Shearer, rallying in his bathrobe—it was 2.30am for him in London—recalled his last time “It was when we recorded a commentary track in character for a DVD release… and it turns out they give awards for that sort of thing, so the only honor the movie’s ever gotten was for that commentary track.”
As for any scenes they weren’t particularly fond of? “The only scene I’ve ever hated in the film isn’t in the film per se. When Arty Fufkin comes to rouse us, he is supposed to be there to get us to a radio interview at 7 am, and we did shoot that radio station bit, and the guy who was the DJ just didn’t nail it and it was a painful experience because everyone else in the cast was doing one home run after another.” Later, when questions were thrown over to the floor, one wily questioner asked who played the DJ, “No, no” was the curt answer.
Shearer said the band was English because “It seemed to me a lot of the American bands were more stripped down and didn’t have the level of pretension the English bands had”

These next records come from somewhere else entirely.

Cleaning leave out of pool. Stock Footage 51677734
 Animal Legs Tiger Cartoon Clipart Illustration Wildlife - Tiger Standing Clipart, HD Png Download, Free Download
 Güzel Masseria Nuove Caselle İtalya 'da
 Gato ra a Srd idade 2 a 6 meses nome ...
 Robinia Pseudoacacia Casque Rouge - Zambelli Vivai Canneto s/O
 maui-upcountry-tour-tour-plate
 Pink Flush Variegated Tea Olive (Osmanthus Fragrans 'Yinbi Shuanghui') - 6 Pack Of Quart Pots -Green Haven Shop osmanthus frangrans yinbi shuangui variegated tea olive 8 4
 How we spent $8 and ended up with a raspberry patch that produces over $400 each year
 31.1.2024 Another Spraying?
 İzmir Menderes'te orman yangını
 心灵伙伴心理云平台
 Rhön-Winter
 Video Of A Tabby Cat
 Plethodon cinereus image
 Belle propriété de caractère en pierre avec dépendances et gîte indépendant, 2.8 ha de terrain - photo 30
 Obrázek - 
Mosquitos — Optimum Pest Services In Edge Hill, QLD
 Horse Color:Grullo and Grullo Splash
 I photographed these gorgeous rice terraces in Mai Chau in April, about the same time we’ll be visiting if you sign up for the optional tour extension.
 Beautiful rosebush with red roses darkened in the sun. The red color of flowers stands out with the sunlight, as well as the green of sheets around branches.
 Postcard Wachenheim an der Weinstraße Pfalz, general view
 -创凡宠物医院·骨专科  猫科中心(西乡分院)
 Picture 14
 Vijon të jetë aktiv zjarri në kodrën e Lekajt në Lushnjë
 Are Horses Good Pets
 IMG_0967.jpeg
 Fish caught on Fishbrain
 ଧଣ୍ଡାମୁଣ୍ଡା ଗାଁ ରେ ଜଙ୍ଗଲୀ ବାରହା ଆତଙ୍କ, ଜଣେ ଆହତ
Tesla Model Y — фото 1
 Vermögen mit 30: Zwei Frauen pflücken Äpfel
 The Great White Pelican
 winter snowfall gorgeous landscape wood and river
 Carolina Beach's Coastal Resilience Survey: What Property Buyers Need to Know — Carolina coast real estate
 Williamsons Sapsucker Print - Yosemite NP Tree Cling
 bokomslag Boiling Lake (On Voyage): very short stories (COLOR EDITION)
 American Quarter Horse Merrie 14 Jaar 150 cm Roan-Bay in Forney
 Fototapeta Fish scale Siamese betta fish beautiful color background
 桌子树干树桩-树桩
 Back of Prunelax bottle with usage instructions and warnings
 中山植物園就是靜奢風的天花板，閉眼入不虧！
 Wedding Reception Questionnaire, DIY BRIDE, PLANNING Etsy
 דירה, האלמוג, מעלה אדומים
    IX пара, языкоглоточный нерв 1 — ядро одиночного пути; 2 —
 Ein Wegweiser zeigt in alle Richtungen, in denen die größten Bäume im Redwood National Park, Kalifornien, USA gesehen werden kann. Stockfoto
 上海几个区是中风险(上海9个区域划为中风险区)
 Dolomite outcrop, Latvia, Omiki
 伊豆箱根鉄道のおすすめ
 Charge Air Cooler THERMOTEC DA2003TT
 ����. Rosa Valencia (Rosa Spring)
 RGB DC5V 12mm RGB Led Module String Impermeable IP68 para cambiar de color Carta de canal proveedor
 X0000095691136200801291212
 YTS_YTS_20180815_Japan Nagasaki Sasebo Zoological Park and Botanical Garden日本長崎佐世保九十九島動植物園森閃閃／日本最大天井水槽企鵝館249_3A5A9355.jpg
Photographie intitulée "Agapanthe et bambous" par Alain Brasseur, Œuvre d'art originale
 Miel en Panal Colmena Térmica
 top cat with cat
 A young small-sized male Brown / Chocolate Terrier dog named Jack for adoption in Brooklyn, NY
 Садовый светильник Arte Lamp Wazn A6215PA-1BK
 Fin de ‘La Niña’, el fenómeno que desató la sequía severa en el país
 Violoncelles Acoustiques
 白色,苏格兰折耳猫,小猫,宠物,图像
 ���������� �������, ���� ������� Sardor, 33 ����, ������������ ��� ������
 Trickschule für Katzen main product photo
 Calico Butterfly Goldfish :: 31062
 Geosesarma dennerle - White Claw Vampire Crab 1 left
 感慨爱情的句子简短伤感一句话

The reaction of real bands has been fascinating, he also recounted. “There were people [band members] who were deeply depressed, because it seemed real, which it was” said Shearer. Guest recalled, “The last instance of somebody getting pissed off was Liam Gallagher, who walked out of the film. Sorry.”
When the lights came up, a good number of elementary school kids—with very cool parents—became evident.
11-year-old Patrick Thomas, liked the movie, with his favorite part being “when the singer and guitarist fought.” Although, as an aspiring drummer, his nights may from now on be filled with nightmares of spontaneously combusting.
Asked if his mom forced him along, another attendee, the young William Hastings said, “No, I wanted to come! It’s just really funny, my favorite moment is Stonehenge.”
A whole new generation, it seems, is lined up to keep up the legacy of zealously quoting the film, and The Observer thinks that’s not such a bad thing.